— Material shown —
————————

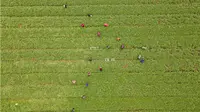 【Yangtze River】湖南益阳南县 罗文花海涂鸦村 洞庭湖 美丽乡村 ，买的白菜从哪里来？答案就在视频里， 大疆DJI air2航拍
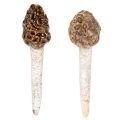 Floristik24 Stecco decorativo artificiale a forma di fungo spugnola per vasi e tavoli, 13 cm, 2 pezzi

————————

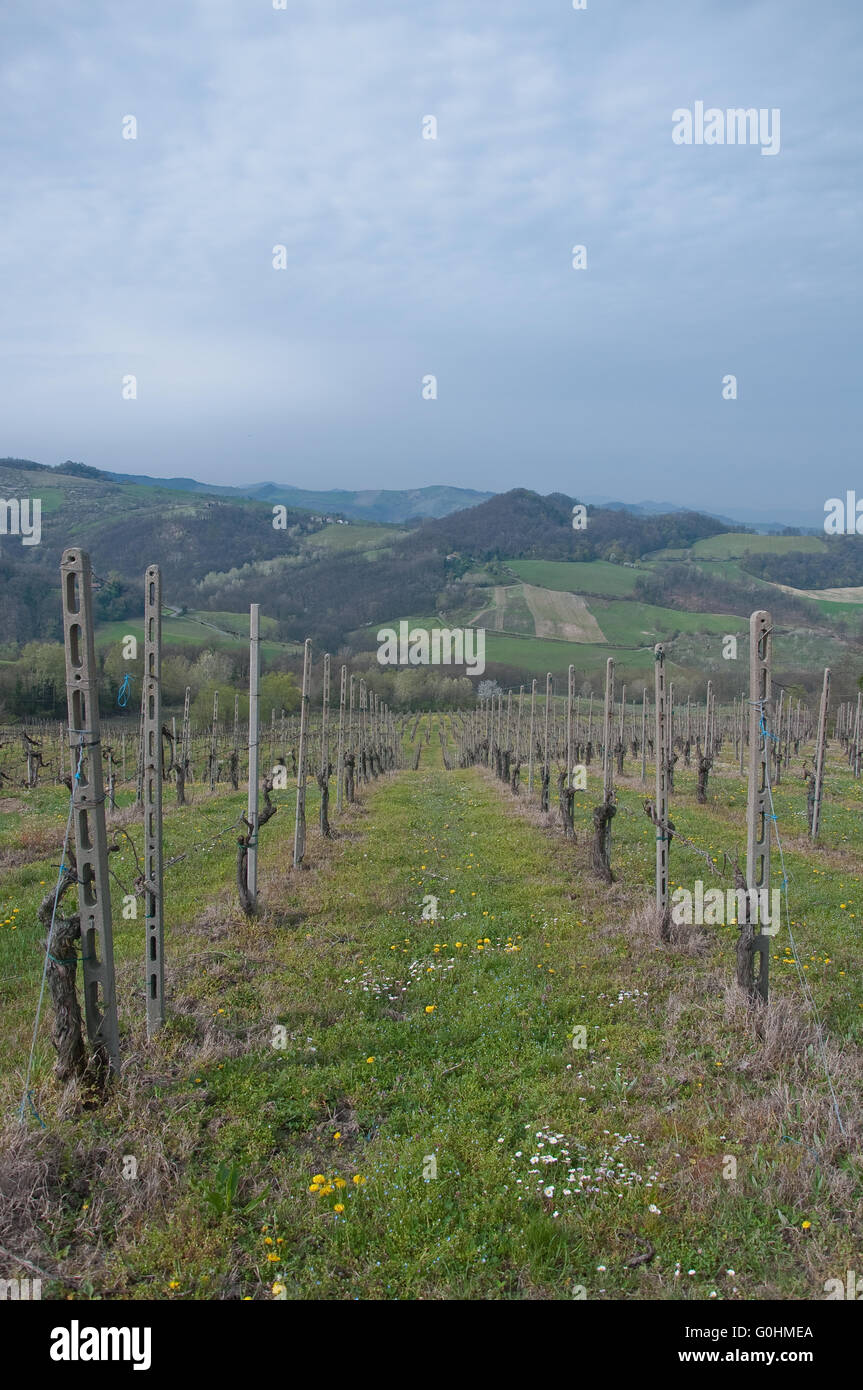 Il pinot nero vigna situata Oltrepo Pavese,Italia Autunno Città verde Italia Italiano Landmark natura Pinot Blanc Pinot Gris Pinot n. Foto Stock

————————

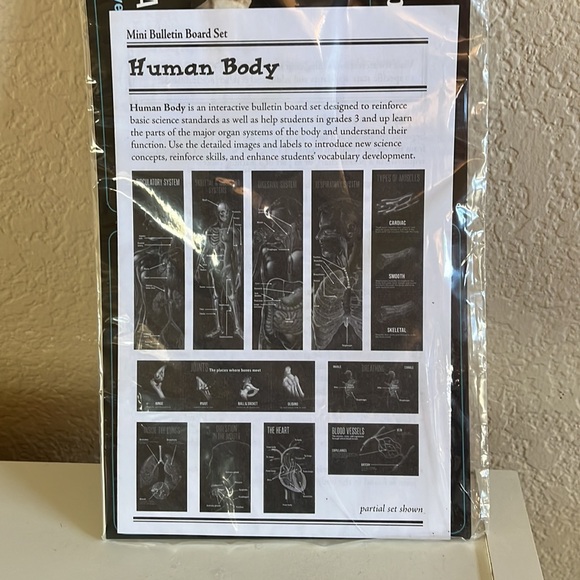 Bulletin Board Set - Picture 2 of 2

————————

— Activity —
In the listing above, find the line with "美丽乡村 ，买的白菜从哪里来？答案就在视频里， 大疆DJI air2航拍" and the line with "Floristik24 Stecco decorativo". Copy exactly those two and every line between, without the pictures.

— Reply to the exercise —
 【Yangtze River】湖南益阳南县 罗文花海涂鸦村 洞庭湖 美丽乡村 ，买的白菜从哪里来？答案就在视频里， 大疆DJI air2航拍
 Floristik24 Stecco decorativo artificiale a forma di fungo spugnola per vasi e tavoli, 13 cm, 2 pezzi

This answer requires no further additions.